Some legislators have even started questioning the necessity of tabling a motion of thanks for the annual policy blueprint, suggesting it would be enough for the legislature to acknowledge it.

Thirty-six votes backed the motion, from pro-government lawmakers and pan-democrat Joseph Lee Kok-long, outnumbering the 21 opposition votes cast by the pan-democrats. However, it was still defeated because under Legco's split vote-counting system, the motion had to secure a simple majority in both the functional and geographical constituencies to pass.

It was Tsang's sixth policy address. Only two motions of thanks, in 2007 and 2008, have been passed since he assumed office in 2005.

Democratic Alliance for the Betterment and Progress of Hong Kong chairman Tam Yiu-chung suggested that instead of tabling a motion of thanks - a tradition inherited from the colonial era - in future Legco could just have a motion to acknowledge it had received the blueprint. 'Some people don't understand that voting for the motion of thanks does not mean legislators accept everything in the policy address.
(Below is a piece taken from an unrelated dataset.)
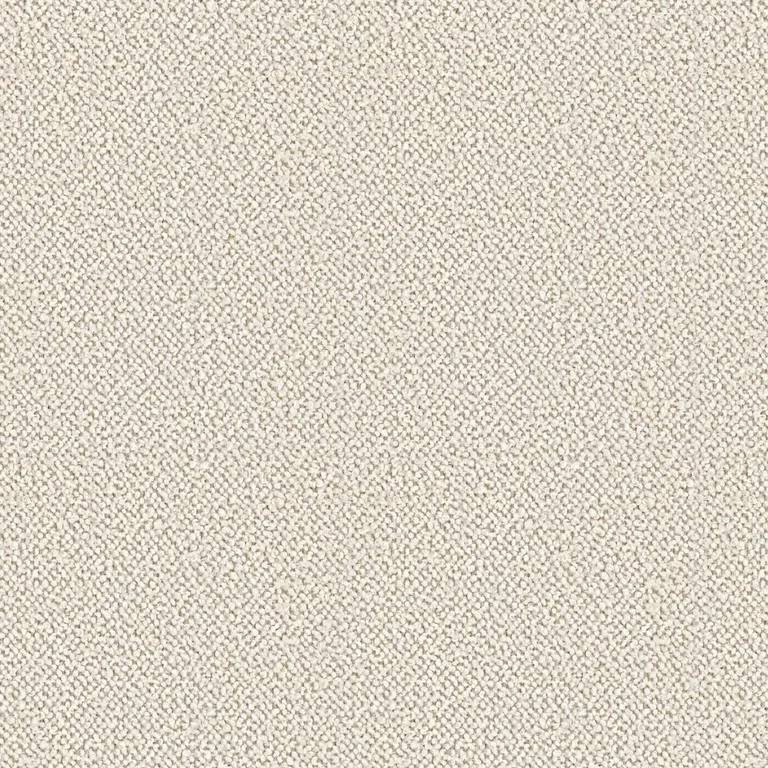 Loop Greggio | B Category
It is only a courtesy practice,' he said.

All five amendments tabled by the pan-democrats, calling for legislation to eradicate functional constituency seats on Legco and appointed seats on the District Council, and further measures to alleviate poverty, were defeated.

During the three-day debate on the motion, which took more than 30 hours, lawmakers criticised the government for refusing to resume building Home Ownership Scheme flats, and expressed concern over surging property prices and the wide wealth gap in the city.